Exactly the lines below from the one with "35kg/hr Without Motor" up to and including the one with "Photo 2 VIN: WDCGG8HB5BF649284" make up the answer, with nothing else added.

SUPPLIED RECORDS:
══════

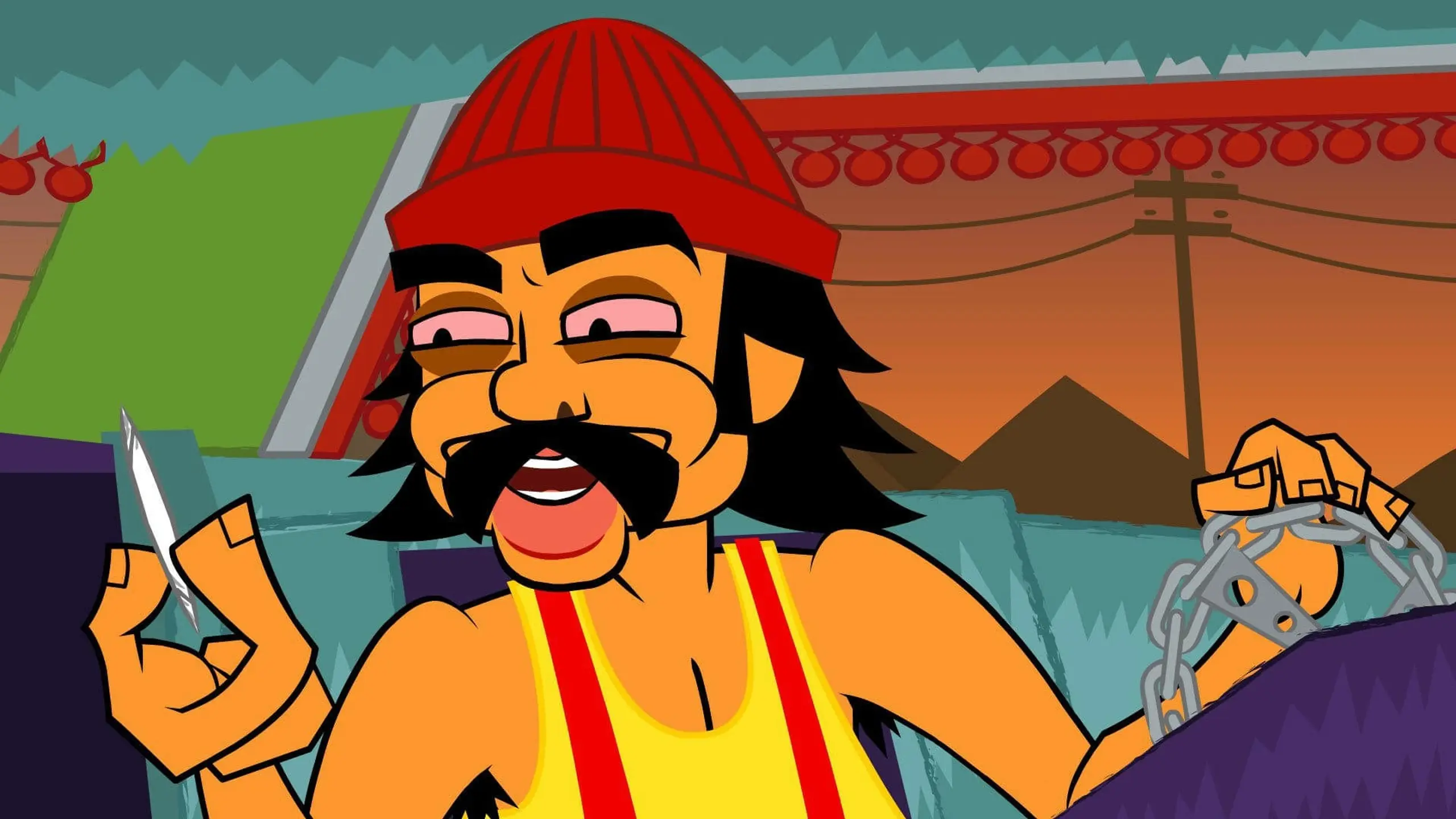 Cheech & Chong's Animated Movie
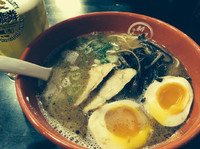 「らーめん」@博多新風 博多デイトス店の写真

══════

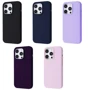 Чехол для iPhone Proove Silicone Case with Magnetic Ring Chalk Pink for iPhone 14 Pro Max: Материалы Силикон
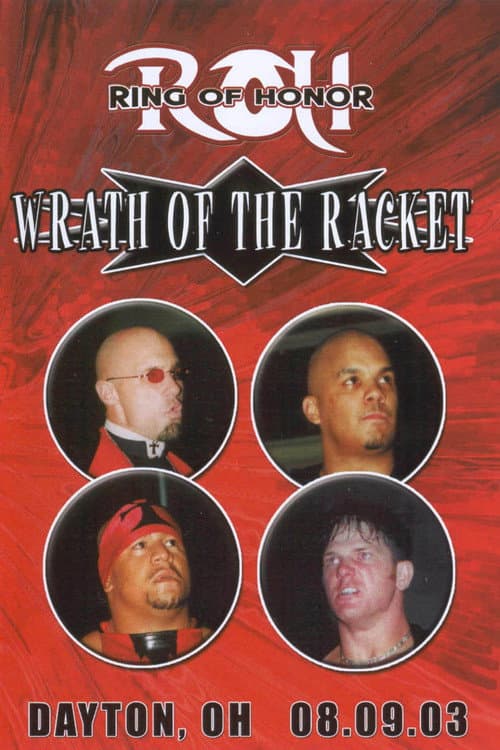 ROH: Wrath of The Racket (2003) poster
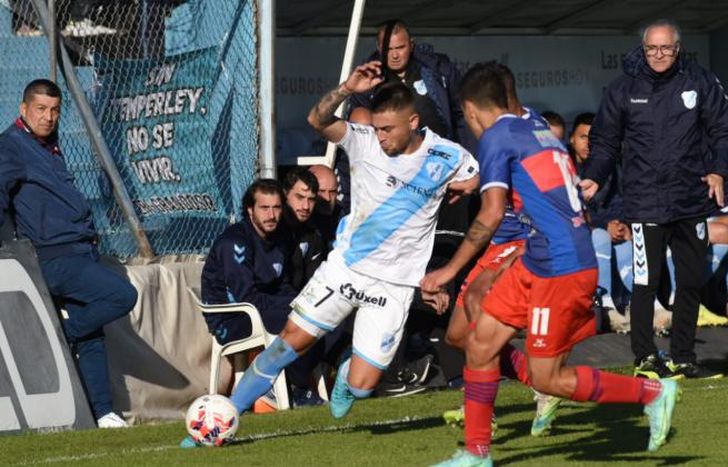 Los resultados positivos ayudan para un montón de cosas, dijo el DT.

══════

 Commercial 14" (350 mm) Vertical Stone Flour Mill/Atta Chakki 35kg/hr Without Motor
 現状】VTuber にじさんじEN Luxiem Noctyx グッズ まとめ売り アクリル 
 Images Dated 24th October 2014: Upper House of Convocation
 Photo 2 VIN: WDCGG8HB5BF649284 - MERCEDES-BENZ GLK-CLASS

══════

TASK RESPONSE:
 Commercial 14" (350 mm) Vertical Stone Flour Mill/Atta Chakki 35kg/hr Without Motor
 現状】VTuber にじさんじEN Luxiem Noctyx グッズ まとめ売り アクリル 
 Images Dated 24th October 2014: Upper House of Convocation
 Photo 2 VIN: WDCGG8HB5BF649284 - MERCEDES-BENZ GLK-CLASS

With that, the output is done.